After years of building applications and platforms using the Service Oriented Architecture, I became very interested in microservices last year. So much so that I chose the job offer based on the sole fact that it was providing me an opportunity to design and develop microservices on the AWS platform. I’ll share the pros and cons of microservices in a later post.
In this post, we’ll see how to build microservices in Python using a light-weight framework called Flask. Unlike other web frameworks (e.g. Rails,) Flask is very flexible and doesn’t force you to adopt a specific layout style for your projects. It’s light-weight because it doesn’t require users to use particular tools or libraries. For example, Flask doesn’t come with any database access libraries. You will use extensions to add the functionality that you want.
I have created a fictional project called Cinema 3 that demonstrates the use of microservices using Python and Flask. In this hypothetical project, we have a few microservices working together to allow users to find movies and books tickets online. The microservices which make up the project are:
- Movies: Manages information related to movies e.g. title, rating, etc.
- Show Times: Provides show times for movies.

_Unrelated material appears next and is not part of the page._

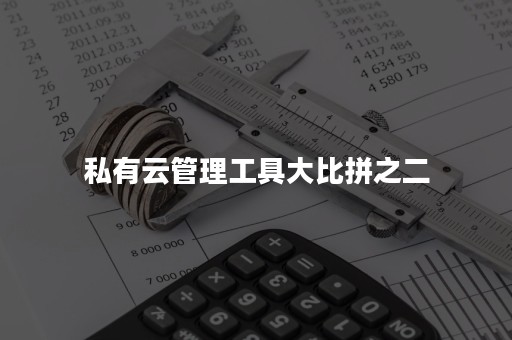 私有云管理工具大比拼之二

- Bookings: Handles online booking.
- Users: Manages user accounts for our project.
The microservices talk to each other using REST API. How do they know the address (host:port) of other services? In this example, each microservice runs on a separate port so we could identify them. In real-world projects, people use more advanced techniques such as service discovery (either server or client side; consul is a popular tool that people use for this purpose.)

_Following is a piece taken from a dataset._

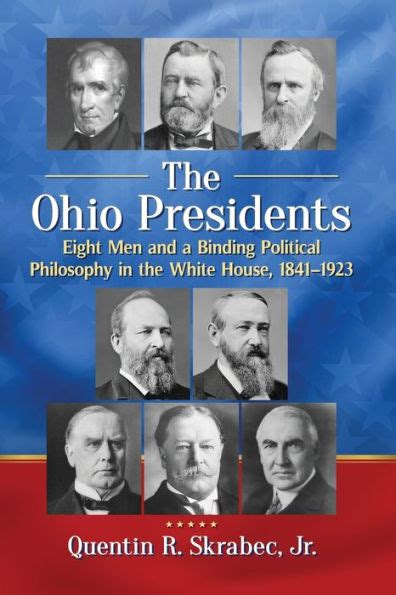 The Ohio Presidents: Eight Men and a Binding Political Philosophy in the White House, 1841-1923 ...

Flask VS Other Python Web Application Frameworks
Before you decide to use Flask, see how it holds up to against other Python web application frameworks on popularity, features and more. Click on the image below to start comparing.
Sample Code on GitHub
Here’s a link to the project on GitHub. The source code itself is pretty simple as this is just an example to give you a basic understanding of building microservices using Flask.
If you have any comments or question about the project, please let me know in the comments section below.

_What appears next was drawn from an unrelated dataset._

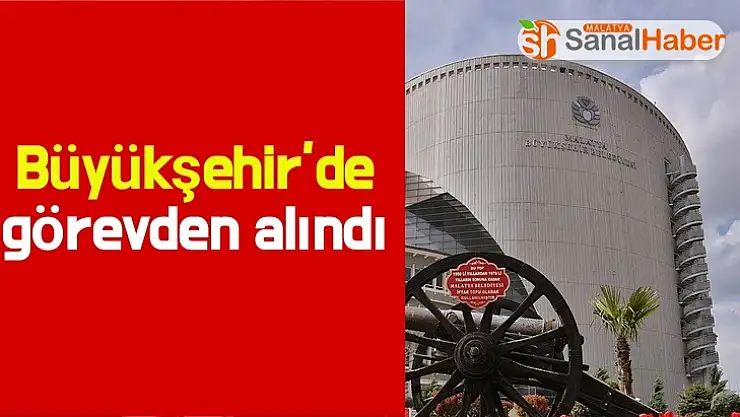Büyükşehir´de görevden alındı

If you’re looking to learn Flask, here’s an excellent YouTube video series you should watch.
The project is nicely structured and implemented the microservices, But I am not able to see any security on that, like authentication.
Super it’s simple and easy to understand.
Can we have a post on deployment of this project and how to make multiple instances
2017 Update: After trying out microservices on a small scale and realizing the inherent DevOps complexity they introduce, we backtracked and went back to SOA which also feels like an overkill for backend gaming services.
So what’s your opinion in microservices in 2020 with new tools in market… Did you change your perspective?
Can you say more about the inherent DevOps complexity? What unforeseen challenges arose?